Opening a message in a bottle

I found a message in a bottle!

I found a message in a bottle!

On Sunday 25th January 2015, we were walking along the beach between Portnadler Bay and Looe in Cornwall, UK. Having dropped off all my work at the National Martime Museum Cornwall for my exhibition Stranded, I couldn’t resist the urge to head to the coast for a spot of beachcombing.

Walking close to the cliffs, I had been scouring for interesting treasures that could have become tangled in vegetation and to my delight, I spotted a small glass bottle with what appeared to be a note inside!

The following video shows the moment I open the damp piece of paper and try to read the message inside.

So the message appeared to be written by Charlie thanking Santa for their Christmas presents. It was written in blue biro on a blue square of paper in the handwriting of a young child. Many of the words have been written phonetically, so why not try reading the following out loud as I was trying to do in the video:

The message in the bottle found in Cornwall

The message in the bottle found in Cornwall

14/12/14

My name is charlie

Dir santer I wont

to sa fang you

fo giving me

prezamts

My translation of the message is thus: My name is Charlie. Dear Santa I want to say thank you for giving me presents.

I found it interesting that Charlie dropped this message in the sea two weeks before Christmas, perhaps to send thanks early to be sure Santa would remember their presents!

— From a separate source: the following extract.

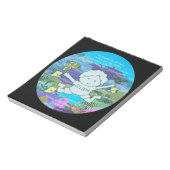 Bloc-note Au-delà de la surface (Tourné)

I spotted the bottle tangled in some tall grasses about a mile from Looe just over a month after it was written. It is my guess that it had been thrown in the sea locally and become lodged in vegetation after a high tide. Without any clue as to the source, all we can do is speculate. For me, this is where the wonder lies, as I ponder who Charlie is, whether they are a boy or a girl and what they opened on Christmas morning.

I am intrigued that a child would think to use a message in a bottle as a means of contacting Father Christmas. In my childhood, letters would be written then burned on the fire with the understanding that our words would be taken up the chimney to the North Pole. On reflection, the message in a bottle method sounds like a more reliable method!